Here’s Audubon’s entry from December 1, 1820, when Memphis was less than one year old and was largely a hardscrabble pioneer village that gave few indications of its future growth.  This is reprinted from an issue of Memphis magazine in 1984:

“I went a shore to a House about 5 Miles above Wolf River in a sharp running Bend, saw 2 beautifull Trees the Pride of China here the High Land is within 2 miles of the River and the spot on never overflows, these are remarkable spots.

“We are Landed immediately at the foot of Old Fort Pickering.

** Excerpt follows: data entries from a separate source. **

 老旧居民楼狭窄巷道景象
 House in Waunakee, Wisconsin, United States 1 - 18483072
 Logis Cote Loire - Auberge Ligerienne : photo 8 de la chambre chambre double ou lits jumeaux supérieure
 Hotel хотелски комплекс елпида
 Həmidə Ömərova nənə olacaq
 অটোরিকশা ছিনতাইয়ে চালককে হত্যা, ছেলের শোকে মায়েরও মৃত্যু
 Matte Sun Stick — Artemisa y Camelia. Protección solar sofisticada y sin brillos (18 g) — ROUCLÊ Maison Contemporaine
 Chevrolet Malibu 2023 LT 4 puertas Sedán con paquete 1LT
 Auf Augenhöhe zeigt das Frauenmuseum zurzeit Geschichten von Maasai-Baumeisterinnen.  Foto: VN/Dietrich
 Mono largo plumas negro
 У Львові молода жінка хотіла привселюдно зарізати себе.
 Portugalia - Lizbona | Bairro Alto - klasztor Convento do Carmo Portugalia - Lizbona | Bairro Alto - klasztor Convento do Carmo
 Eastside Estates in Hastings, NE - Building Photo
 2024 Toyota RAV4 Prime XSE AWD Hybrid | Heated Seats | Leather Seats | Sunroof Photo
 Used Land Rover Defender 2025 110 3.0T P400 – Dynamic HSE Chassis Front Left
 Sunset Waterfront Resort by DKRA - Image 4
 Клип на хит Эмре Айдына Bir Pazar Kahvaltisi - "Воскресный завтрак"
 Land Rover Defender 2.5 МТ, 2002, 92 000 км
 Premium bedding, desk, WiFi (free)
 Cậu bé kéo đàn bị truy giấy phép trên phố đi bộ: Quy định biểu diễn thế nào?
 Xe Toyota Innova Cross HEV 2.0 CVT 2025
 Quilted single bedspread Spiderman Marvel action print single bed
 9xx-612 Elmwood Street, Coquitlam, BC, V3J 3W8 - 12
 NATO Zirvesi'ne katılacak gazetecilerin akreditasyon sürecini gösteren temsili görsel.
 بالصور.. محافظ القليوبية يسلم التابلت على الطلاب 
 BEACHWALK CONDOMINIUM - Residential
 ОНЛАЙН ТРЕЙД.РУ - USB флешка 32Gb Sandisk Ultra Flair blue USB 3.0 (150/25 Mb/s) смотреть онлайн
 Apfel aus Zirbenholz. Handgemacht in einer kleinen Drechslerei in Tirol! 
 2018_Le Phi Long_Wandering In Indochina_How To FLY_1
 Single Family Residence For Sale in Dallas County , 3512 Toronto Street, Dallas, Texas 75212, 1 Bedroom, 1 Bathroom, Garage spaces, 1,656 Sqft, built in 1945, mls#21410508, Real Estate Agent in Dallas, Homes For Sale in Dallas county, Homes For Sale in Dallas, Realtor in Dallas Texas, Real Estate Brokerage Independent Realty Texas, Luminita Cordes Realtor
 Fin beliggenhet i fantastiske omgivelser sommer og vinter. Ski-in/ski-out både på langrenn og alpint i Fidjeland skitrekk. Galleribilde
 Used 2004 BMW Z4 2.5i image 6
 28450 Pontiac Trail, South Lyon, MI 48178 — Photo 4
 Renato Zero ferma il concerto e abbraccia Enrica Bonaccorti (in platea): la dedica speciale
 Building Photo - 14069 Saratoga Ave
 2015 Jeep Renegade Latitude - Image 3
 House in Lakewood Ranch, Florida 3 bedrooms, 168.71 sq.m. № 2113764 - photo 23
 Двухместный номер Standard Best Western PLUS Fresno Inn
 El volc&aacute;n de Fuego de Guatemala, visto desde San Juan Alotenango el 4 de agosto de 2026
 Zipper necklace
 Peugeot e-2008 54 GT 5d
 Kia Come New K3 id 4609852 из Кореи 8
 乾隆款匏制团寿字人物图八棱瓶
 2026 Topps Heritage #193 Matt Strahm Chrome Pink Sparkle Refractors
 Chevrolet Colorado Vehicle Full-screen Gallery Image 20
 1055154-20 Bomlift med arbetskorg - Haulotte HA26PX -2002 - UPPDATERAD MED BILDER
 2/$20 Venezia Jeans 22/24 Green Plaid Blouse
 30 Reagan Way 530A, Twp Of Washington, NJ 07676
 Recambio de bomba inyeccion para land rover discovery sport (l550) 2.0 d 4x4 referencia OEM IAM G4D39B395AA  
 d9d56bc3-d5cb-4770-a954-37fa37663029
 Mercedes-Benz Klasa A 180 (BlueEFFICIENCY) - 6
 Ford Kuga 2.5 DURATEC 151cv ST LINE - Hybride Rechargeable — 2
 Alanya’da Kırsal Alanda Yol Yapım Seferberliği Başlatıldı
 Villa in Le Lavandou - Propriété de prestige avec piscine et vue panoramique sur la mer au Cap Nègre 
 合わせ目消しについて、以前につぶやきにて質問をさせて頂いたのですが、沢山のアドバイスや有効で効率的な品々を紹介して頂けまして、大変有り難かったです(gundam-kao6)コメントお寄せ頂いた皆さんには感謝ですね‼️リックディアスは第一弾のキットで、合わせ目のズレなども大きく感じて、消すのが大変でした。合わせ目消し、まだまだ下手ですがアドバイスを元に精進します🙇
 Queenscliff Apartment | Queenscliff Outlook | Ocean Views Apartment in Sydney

We Walked up to it through a very narrow crooked path, and found in a very decayed situation; the Position a Beautiful one the Land Rich about it — and were told that the Spaniards own it. it was an agreable spot to live at — about 2 miles above this, the Mouth of Wolf river came in from the East, and is the Landing place of a Town Called Memphis — have runned 24 miles — Saw some Towe Buntings and Many Sparrows —

“I saw this afternoon Two Eagles Coatiting — the femelle was on a Very high Limb of a Tree and squated at the approach of the Male, who came Like a Torrent, alighted on her and quakled shrill untill he sailed off the femelle following him and zig zaging herself through the air — this is scarce proof I have had the pleasure of witnessing of these and all of the Falco Genus breeding much Earlier than any Other Land Birds —

“As soon as we had eat our Common Breakfast fried Bacon and Soaked Biscuits — Joseph [Audubon’s assistant] went to his station and I to Mine, i.e., he rowed the skiff and I steering it — Went to the Little Prairie …

“I shot a Beautifull White headed Eagle Falco Leucocephalus — probably 150 yards off, My Ball Went through its body —

“Returned to our Boats immediately and began My Drawings — it is a Handsome Male —”

Audubon was still working on the drawing three days later, November 26th, on which day he noted that the thermometer was down to 22 degrees. That might explain the glint of ice the viewer can still detect in that eagle’s eye.

The drawing was finished the next day, Audubon noting that the “Noble Bird weighed 8½ lb.”